I think the time complexity is probably O(n) but the space complexity is O(2n). I’m also using exception for handling overflow situation and using exception for validation is relatively expensive. If you expect the exception to happen very often, the time complexity will add up. Also converting from integer to string and string back to integer is also not such an efficient process.

Here is another smarter way to reverse an integer.

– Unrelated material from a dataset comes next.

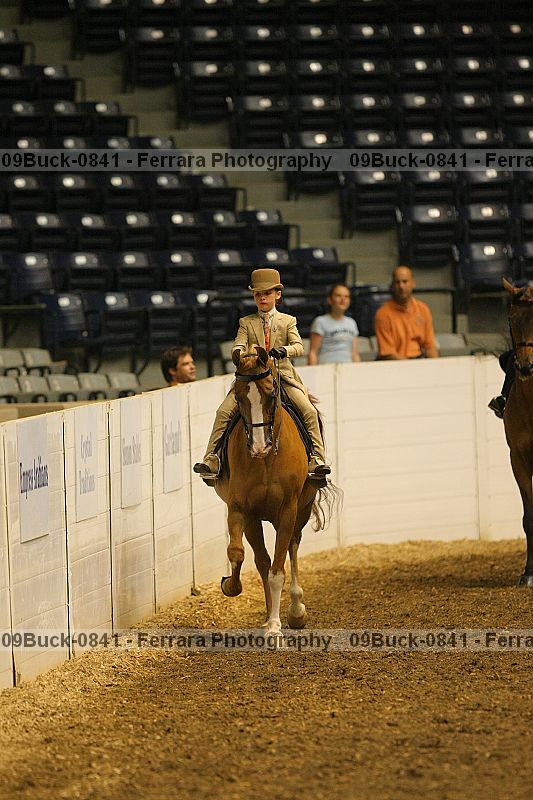 Proof Number 09buck-0841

    public void testReverseInteger()
    {
        int input = -12345456;
        int result = reverseInteger(input);
        System.out.println(result);
        assertEquals(result, -65454321);
    }

    private int reverseInteger(int input)
    {
        //max integer 2147483647
        //min integer -2147483648
        int result = 0;
        while (input != 0) {
            int lastDigit = input % 10;
            input /= 10;

            if (result > Integer.MAX_VALUE/10 || (result == Integer.MAX_VALUE/10 && lastDigit > 7))
            {
                return 0;
            }

            if (result < Integer.MIN_VALUE/10 || (result == Integer.MIN_VALUE/10 && lastDigit < -8))
            {
                return 0;
            }

            result = result * 10 + lastDigit;
        }

        return result;
    }

Declaring int result = 0; is no brainer. We will use it to keep the result for returning the value.

The logic of the function is to get the value of the last digit (line# 15) by getting a remainder of division by 10, reduce the value of input by dividing it by 10, check the overflow situation (from line# 18 to 26) and add it to the result variable. So for the first iteration of 12345, the last digit is 5. When 12345 is divided by 10, the value is reduced to 1234 because the variable is integer. The decimal point is omitted. Then in the next iteration, 4 is contained in the last digit. The result variable contains 5 at the point of hitting the line# 28, 5*10 + 4 = 54. If you repeat this process until input is 0, you will get 54321.

Let’s talk about handling the overflow situation.

if (result > Integer.MAX_VALUE/10 || (result == Integer.MAX_VALUE/10 && lastDigit > 7))

If the value of result variable is greater than the value of 1/10 of the max integer value, the result will be definitely larger than the max integer value, so there will be a overflow situation on line# 28.

Another situation that needs to handle is if the value of result variable is equals to the 1/10 of the max integer value and the last digit is larger than 7. The value of max integer is 2147483647 so if the value of lastDigit variable is greater than 7, the result will be greater than 2147483647. The validation for the min integer value is the same idea.

The latter method is better in a sense that the space complexity is O(n) but the time complexity is O(1) because it only deals with integer which is limited to 32 bit data. It also doesn’t depend on exception for overflow validation.

Recap

Knowing the nature of the data you are dealing with makes it more efficient to work with it. I’m planning to have more fun with algorithm especially in Java.